__BRIEF__: Leaving out only the pictures, write out all the entries exactly.

╭─ PROVIDED MATERIAL

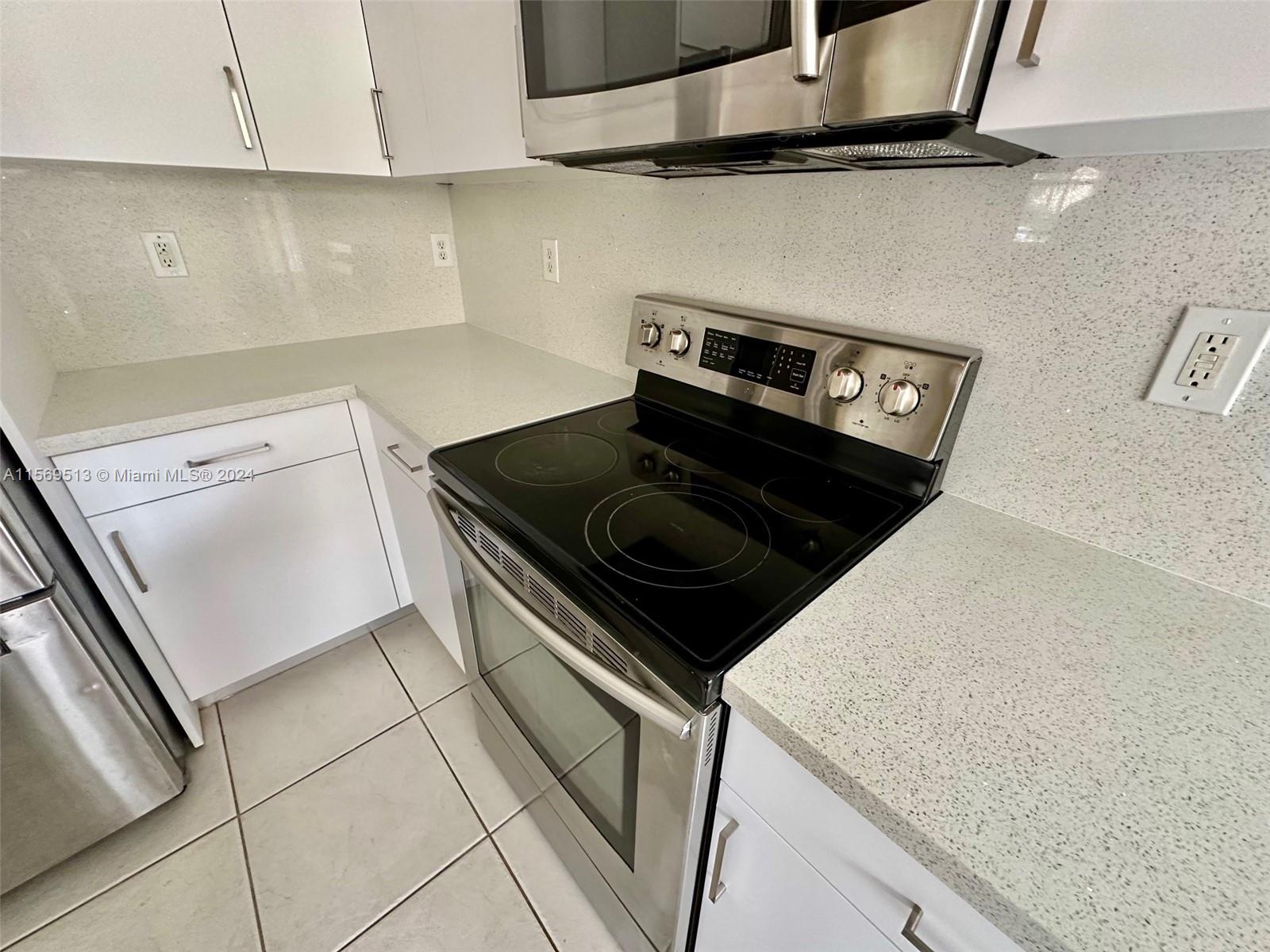 3365 NE 14th Dr 108-16, Homestead, Florida 33033, 3 Bedrooms Bedrooms, ,3 BathroomsBathrooms,Residentiallease,For Rent,3365 NE 14th Dr 108-16,A11569513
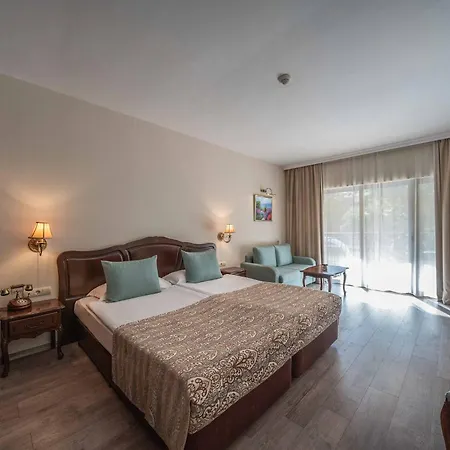 Hotel Grifid Club Bolero&aqua Park – Ultra Inclusive&private 4*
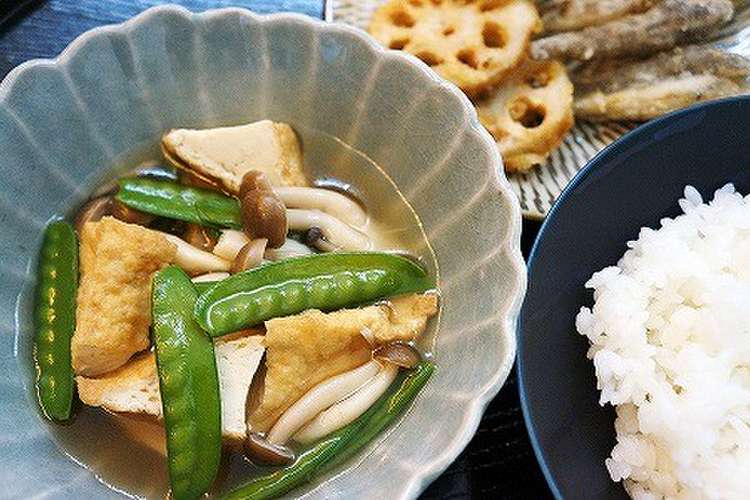 ダシが効いた 絹さやと厚揚げの煮物 レシピ 作り方 By 日高のこんぶ屋 クックパッド 簡単おいしいみんなのレシピが349万品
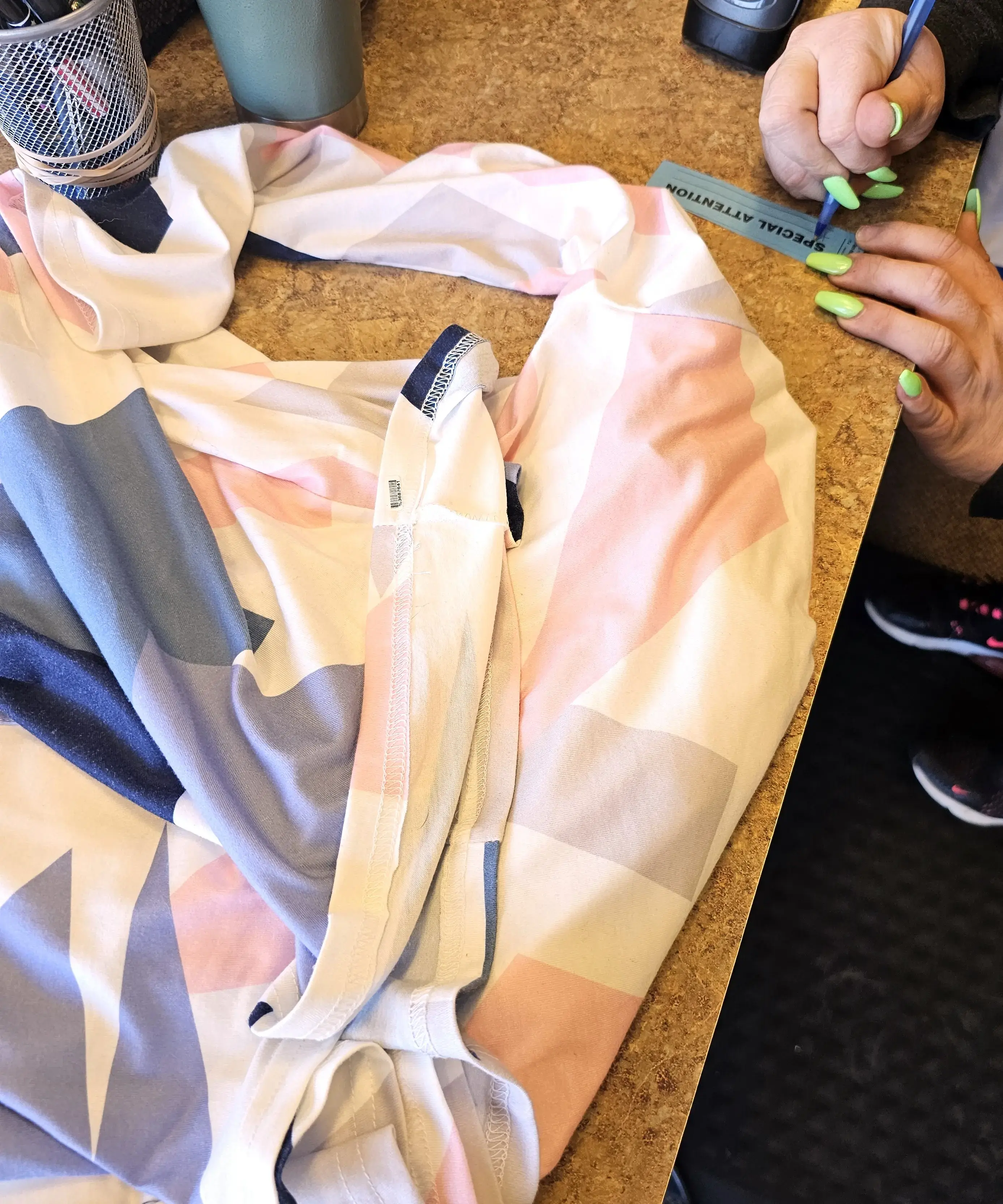 In The Bag Cleaners: Washington & Douglas thumbnail 4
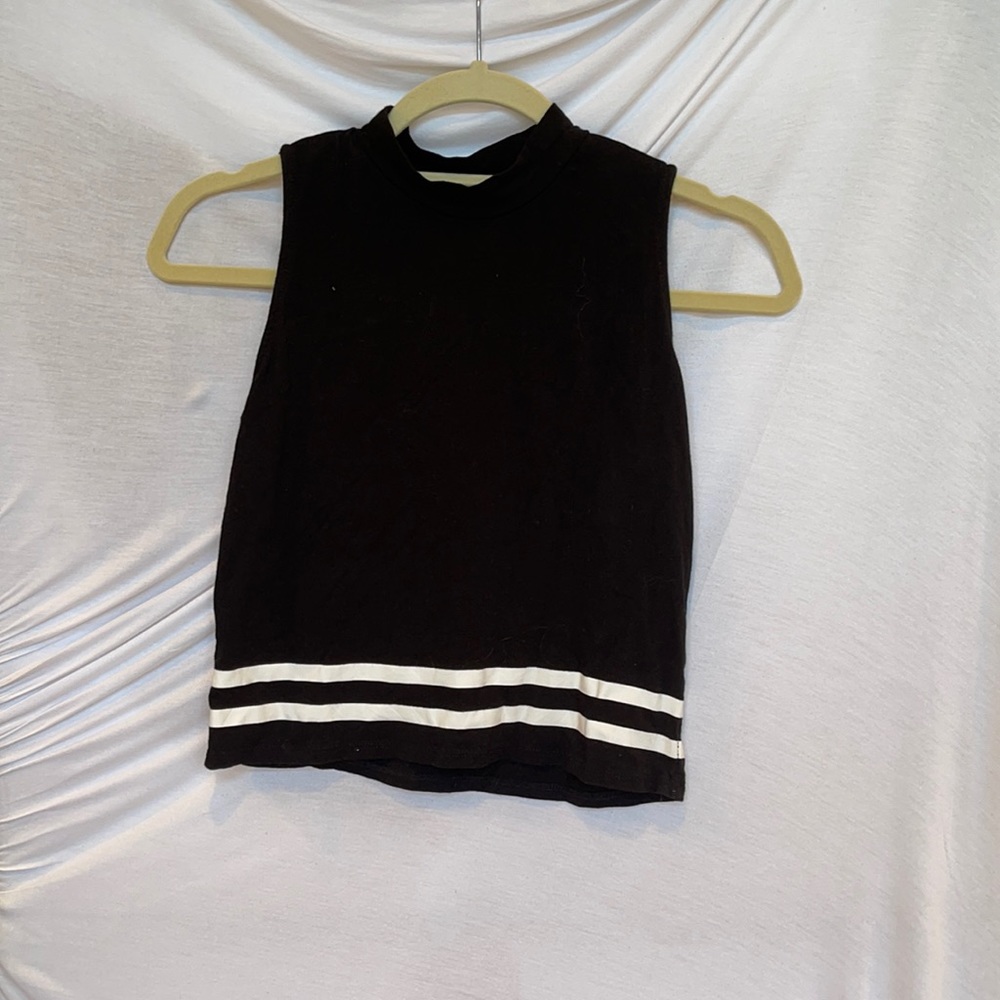 Heart&Hips Black Tank Top Size Large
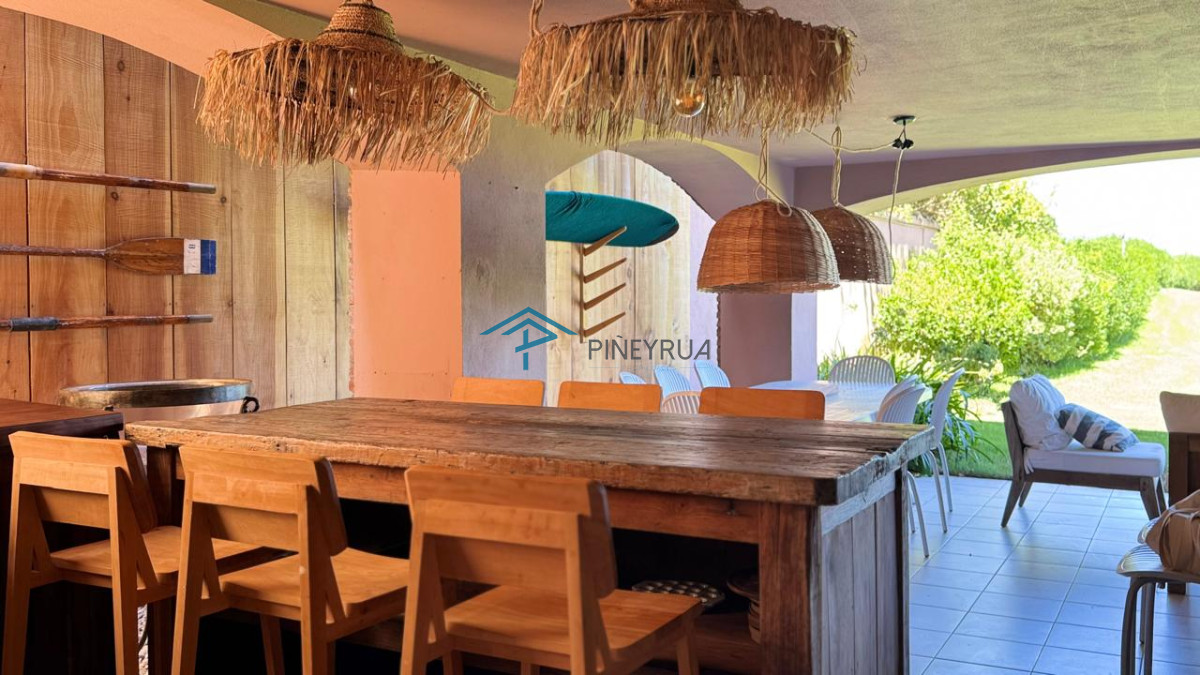 APARTAMENTO EN VENTA EN MANANTIALES, PRIMERA LINEA 3 DORMITORIOS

╰─

__TASK RESULT__:
 3365 NE 14th Dr 108-16, Homestead, Florida 33033, 3 Bedrooms Bedrooms, ,3 BathroomsBathrooms,Residentiallease,For Rent,3365 NE 14th Dr 108-16,A11569513
 Hotel Grifid Club Bolero&aqua Park – Ultra Inclusive&private 4*
 ダシが効いた 絹さやと厚揚げの煮物 レシピ 作り方 By 日高のこんぶ屋 クックパッド 簡単おいしいみんなのレシピが349万品
 In The Bag Cleaners: Washington & Douglas thumbnail 4
 Heart&Hips Black Tank Top Size Large
 APARTAMENTO EN VENTA EN MANANTIALES, PRIMERA LINEA 3 DORMITORIOS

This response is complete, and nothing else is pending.